When LIFE published Edward Steichen’s 1928 portrait of Greta Garbo on its cover in January 1955, the Swedish-born actress was still one of the most famous film personalities in the world—despite not having appeared in a movie for more than a decade. She was then, and a quarter-century after her death she remains, a singular screen presence: a mysterious, alluring star of both silent films and the early, Golden Age of “talkies” who retired from acting when she was just 35 years old.
Today, of course, she’s almost a punch line for people who have never even seen one of her movies (I want to be alone), while for true film buffs she is comparable only with the likes of Katharine Hepburn and Bette Davis when discussing genuine, enduring screen icons.

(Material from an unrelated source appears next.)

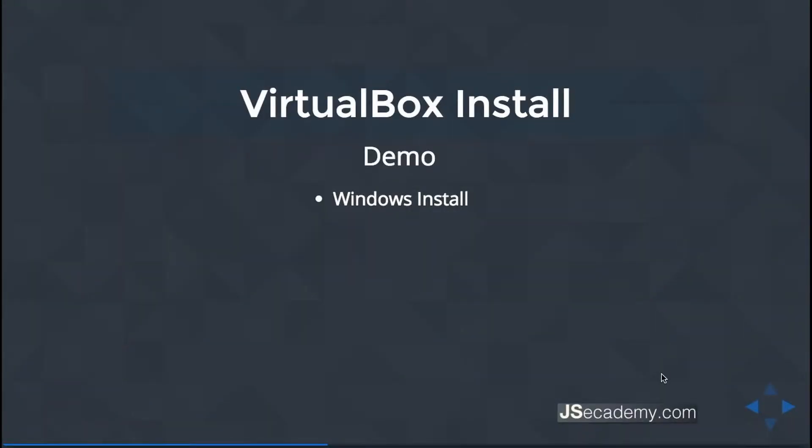In this demo I'll be walking you through how to set up VirtualBox on your OSX system. VirtualBox is the type of virtualization software that we'll be using. I'm going to go to my Mac and we'll get started.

Here, on her birthday—she was born Sept. 18, 1905, in Stockholm, Sweden, and died in New York City in April 1990, at the age of 84—LIFE.com remembers Garbo, the legend, as seen through the lens of a master. Steichen’s photo (originally published in Vanity Fair in 1929) is, in many ways, the image that countless people have in mind when they think of Garbo. Her gaze is at-once so direct and so unreadable that it’s difficult to know if she’s offering the viewer a challenge, or an invitation. All we know for sure is that here is a rare sort of beauty: beguiling, disquieting, inscrutable.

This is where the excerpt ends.